A few days ago, an IRC based botnet was spotted conducting a denial of service attack. The DDoS attack is quite massive – it has a bandwidth of about 6 Gbps (gigabits per second), which equates to around 12 million PPS (packets per second).
The bots used for these DDoS botnet is Linux based, not a Windows bot. The bot runs on “GLIBC_2.1.3, GLIBC_2.1, and GLIBC_2.0 compatible x86 Linux boxen.”
Moreover, it was discovered that these bots are propagated through a PHP exploit.
The PHP exploit is not targeted at a specific vulnerability in a PHP-based application; rather, the exploit is targeted at PHP applications in general. The vulnerability lies in poorly-written PHP application that performs includes without doing any validation to the include string.
For this particular botnet, the inserted command will download an ELF file from a server sitting somewhere in Japan. This ELF file is the bot software, which will report to an IRC-based C&C server residing in the same machine from where the ELF file is downloaded.
It was reported that the C&C and download server has been taken down by the Japanese government.
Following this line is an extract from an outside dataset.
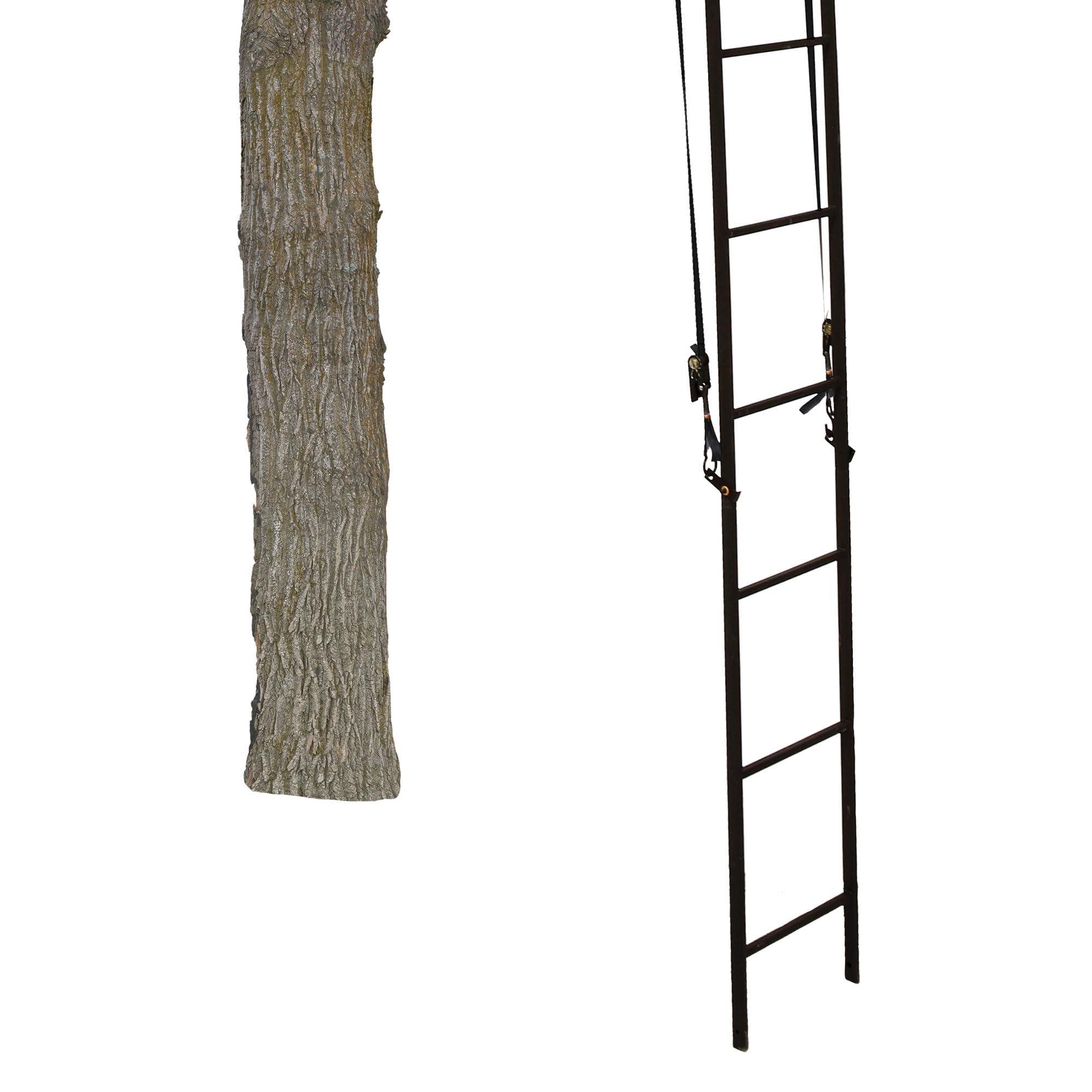 Muddy 2.5 Boss Stronghold Deer Hunting 18 Foot 2 Person Ladderstand Tree Stand with Lumbar Seat and Expanded D Force Metal Platform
There had been a rising trend in the number of Linux bots captured. These bots are in fact written in several programming languages. So far we have captured bots that comes as ELF files, and Perl and PHP scripts. Samples of which are
- ELF_KAIGENT family
- ELF_KAITEN
- PHP_CHAPLOIT family
- ELF Binaries
- PERL_SHELLBOT family
Note that several of these Linux bots are being propagated through exploits in several Perl and PHP-based web applications, like AWStats, PHPBB, Mambo, Coppermine, and XML-RPC, to name a few.
The source code for the ELF Kaiten bot has been around since 2001. This predates several Windows-based bots.
The rising trend in the popularity of Linux bots prompted the ISC to post a warning, saying that bots are not just for windows anymore. Furthermore, it writes “… its so much easier to write a bot for Linux. You got perl after all. I wouldn’t be surprised to find one written in bash.”